Sofia spent 15 years as an active-duty member of the military. While deployed in Afghanistan and stationed in Georgia and Japan, she was involved in logistics planning and management as well as transportation and distribution services. But now, as she seeks to re-enter civilian life, she can’t signal her qualifications to employers because she has no documented evidence of her skills.

Michael has been out of the workforce caring for his child with a disability. His last formal credential was awarded more than 10 years ago. Since that time, however, he fundraised tens of thousands of dollars for his church while providing significant medical support to a child with cystic fibrosis. He even organized a network of parents involved in caring for children with the condition.

Today, workers like Sofia and Michael find it difficult to leverage their full range of skills and experiences to secure quality jobs. Standard résumés and cover letters are poor tools for describing and verifying the many skills people acquire through life experiences, internships, entrepreneurship, on-the-job training and experience, and informal learning and online instruction. The hiring tools used by employers and job search sites to parse these documents play a powerful role in applicant screening and can create potentially misleading distinctions between candidates due to their reliance on technologies such as content-based filtering.

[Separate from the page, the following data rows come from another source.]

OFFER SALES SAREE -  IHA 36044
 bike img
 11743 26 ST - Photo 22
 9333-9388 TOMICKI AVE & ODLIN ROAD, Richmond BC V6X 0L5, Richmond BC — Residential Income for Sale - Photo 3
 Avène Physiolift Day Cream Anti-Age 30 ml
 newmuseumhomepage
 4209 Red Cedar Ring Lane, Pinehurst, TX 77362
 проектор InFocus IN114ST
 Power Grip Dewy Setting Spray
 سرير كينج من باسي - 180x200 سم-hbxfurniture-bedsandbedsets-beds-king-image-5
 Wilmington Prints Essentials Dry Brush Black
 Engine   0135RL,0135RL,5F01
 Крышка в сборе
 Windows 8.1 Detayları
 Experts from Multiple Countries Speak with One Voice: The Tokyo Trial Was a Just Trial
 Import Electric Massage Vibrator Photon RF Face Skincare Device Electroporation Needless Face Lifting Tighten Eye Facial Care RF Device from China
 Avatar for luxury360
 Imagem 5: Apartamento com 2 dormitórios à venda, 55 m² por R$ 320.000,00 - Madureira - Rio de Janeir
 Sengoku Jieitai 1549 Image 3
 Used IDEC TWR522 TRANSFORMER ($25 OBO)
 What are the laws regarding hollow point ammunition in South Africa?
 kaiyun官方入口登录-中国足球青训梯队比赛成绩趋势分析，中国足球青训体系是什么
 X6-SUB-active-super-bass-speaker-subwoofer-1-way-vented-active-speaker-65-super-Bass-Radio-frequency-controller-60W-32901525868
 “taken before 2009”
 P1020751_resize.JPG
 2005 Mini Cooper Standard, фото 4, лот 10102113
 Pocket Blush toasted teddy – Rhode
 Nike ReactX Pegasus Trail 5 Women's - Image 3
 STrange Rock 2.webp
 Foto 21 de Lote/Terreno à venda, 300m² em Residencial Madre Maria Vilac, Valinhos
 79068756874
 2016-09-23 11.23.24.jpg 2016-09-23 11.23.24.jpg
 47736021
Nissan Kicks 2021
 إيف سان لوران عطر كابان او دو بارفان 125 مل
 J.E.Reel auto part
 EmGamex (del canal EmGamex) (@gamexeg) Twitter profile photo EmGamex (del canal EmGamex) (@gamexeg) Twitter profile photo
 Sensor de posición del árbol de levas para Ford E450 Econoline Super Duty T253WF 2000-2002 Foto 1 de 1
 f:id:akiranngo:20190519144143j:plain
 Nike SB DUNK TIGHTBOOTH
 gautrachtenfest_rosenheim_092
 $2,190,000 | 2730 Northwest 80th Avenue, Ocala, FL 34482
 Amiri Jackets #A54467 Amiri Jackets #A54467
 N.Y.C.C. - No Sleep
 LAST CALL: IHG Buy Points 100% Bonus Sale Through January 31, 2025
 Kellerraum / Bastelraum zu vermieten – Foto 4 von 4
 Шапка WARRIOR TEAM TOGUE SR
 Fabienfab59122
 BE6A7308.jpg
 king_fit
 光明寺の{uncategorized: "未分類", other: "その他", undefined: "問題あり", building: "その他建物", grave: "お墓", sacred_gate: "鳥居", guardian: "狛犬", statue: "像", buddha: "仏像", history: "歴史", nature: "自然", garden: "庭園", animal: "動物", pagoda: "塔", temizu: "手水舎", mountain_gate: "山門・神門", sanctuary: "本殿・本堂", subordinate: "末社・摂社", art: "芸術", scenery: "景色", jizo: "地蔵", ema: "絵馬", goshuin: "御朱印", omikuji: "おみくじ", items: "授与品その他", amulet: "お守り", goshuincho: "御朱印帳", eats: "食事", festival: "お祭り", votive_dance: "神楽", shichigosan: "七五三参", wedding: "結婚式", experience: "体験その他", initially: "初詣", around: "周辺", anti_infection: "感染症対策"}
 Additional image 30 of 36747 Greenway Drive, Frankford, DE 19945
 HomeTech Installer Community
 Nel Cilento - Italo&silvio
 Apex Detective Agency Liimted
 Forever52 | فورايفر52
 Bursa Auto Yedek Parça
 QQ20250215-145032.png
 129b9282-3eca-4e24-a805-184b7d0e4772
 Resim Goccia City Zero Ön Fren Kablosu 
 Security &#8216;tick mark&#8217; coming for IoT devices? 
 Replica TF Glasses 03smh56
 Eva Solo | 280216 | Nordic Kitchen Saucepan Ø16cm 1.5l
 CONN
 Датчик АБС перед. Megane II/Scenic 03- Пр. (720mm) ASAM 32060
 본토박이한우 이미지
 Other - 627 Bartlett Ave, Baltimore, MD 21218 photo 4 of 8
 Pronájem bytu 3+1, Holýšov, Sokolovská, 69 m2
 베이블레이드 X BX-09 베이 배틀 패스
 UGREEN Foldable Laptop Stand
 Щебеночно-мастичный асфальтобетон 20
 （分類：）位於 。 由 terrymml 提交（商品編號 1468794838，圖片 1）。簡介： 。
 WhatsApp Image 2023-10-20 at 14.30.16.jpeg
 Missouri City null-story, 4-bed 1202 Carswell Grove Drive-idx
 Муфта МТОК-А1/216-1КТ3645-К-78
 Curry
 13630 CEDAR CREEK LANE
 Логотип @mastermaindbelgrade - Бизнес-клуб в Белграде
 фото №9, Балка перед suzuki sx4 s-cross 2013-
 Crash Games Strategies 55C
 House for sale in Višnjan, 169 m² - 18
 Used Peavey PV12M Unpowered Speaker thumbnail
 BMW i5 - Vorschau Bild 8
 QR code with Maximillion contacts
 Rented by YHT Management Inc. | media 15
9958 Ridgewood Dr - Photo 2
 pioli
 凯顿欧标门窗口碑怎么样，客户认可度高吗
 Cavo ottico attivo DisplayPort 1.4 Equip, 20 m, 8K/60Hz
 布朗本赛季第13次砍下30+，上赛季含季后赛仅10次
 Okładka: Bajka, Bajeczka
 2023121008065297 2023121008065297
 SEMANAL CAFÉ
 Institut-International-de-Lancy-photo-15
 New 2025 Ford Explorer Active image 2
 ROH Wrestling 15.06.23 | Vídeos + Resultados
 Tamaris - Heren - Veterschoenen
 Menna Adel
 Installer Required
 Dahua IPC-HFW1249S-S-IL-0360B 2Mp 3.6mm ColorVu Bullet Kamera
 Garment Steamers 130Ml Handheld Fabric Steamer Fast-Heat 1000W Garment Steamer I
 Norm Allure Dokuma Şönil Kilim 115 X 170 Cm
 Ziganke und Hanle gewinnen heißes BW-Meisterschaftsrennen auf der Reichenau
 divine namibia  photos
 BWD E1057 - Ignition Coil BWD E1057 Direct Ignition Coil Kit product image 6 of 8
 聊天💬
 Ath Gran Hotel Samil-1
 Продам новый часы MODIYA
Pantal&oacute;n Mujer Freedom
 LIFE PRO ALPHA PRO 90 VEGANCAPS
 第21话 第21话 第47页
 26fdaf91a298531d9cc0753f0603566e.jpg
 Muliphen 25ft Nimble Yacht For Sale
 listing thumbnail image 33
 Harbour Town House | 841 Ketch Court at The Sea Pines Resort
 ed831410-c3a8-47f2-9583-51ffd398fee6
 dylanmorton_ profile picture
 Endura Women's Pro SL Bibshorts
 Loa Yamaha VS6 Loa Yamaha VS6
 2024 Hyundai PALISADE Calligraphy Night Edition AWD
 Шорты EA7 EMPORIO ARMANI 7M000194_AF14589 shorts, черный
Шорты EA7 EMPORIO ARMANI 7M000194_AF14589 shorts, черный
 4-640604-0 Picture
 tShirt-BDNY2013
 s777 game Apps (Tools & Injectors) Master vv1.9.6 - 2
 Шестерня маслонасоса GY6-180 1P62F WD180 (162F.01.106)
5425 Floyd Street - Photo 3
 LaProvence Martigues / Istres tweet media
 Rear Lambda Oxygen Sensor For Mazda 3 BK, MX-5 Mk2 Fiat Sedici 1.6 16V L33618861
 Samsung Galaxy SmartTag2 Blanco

Likewise, as technological needs change rapidly, employers must compete for workers with particular talents, but have difficulty identifying people who’ve gained their skills outside of school.

Learning and employment records (LERs, formerly called interoperable learning records) offer a promising solution to the challenge of capturing and communicating the skills of individual workers to a wide selection of potential employers, and they may equip employers with the tools necessary to maximize hiring, promotion, and upskilling. LERs are digital records detailing a person’s education, training, and work experience, and are verified through a distributed system similar to blockchain.

Standard résumés and cover letters are poor tools for describing and verifying the many skills people acquire through life experiences, internships, entrepreneurship, on-the-job training and experience, and informal learning and online instruction.

While LERs are not yet well known to the public, pilot programs for the technology are currently in progress across 150 universities and the Department of Defense as well as with such employers as Walmart, Google, IBM, and Salesforce. There is a growing consensus that the scheme requires standardization to achieve positive social outcomes, as captured in a recent white paper by the American Workforce Policy Advisory Board that defined the ideal LER platform as “transparent, relevant, equitable, private, secure, portable, shareable, verifiable, and, of course, interoperable.”

If they can attain all of these characteristics, LERs could form an “internet of skills,” empowering individuals to share their knowledge, skills, and abilities as well as showcase their professional accomplishments. If they are implemented well, LERs will do a better job than résumés with some functions, such as empowering workers to find employment opportunities that maximize their full skill set and help them seek out complementary education and training opportunities. And if LERs are fully realized, in addition to reducing hiring costs for employers, they also have the potential to drive innovation in transformative ways.

Implemented at scale, LERs could empower workers, employers, and educators by allowing seamless movement between education and employment. Individuals would be able to mix, match, and stack their verified skills, while linking to and embedding digital files to show evidence of everything from coding to artwork, so that the sum is greater than the parts and the result is highly individualized. LERs may be particularly revolutionary in STEM fields—science, technology, engineering, and math—because they could capture the myriad experiential learning and practices that employers require but are hard to verify, allowing graduates to more easily change jobs, enter new industries outside of academia, and work in roles that may not yet exist.

Because this technology has the potential to transform society, LERs require careful, deliberate design to achieve more equitable, socially desirable outcomes, rather than intensifying existing inequities or disproportionately benefitting one group over another. Some of these concerns can be addressed solely through the technology. However, the majority of these concerns—including transparency, relevance, equity, privacy, shareability, and interoperability—will require collaboration between the technology developers and the stakeholders who will use them. As the movement to create LERs and its associated standards takes shape in the United States, we must deliberately ensure that they serve the needs of all, particularly disadvantaged workers.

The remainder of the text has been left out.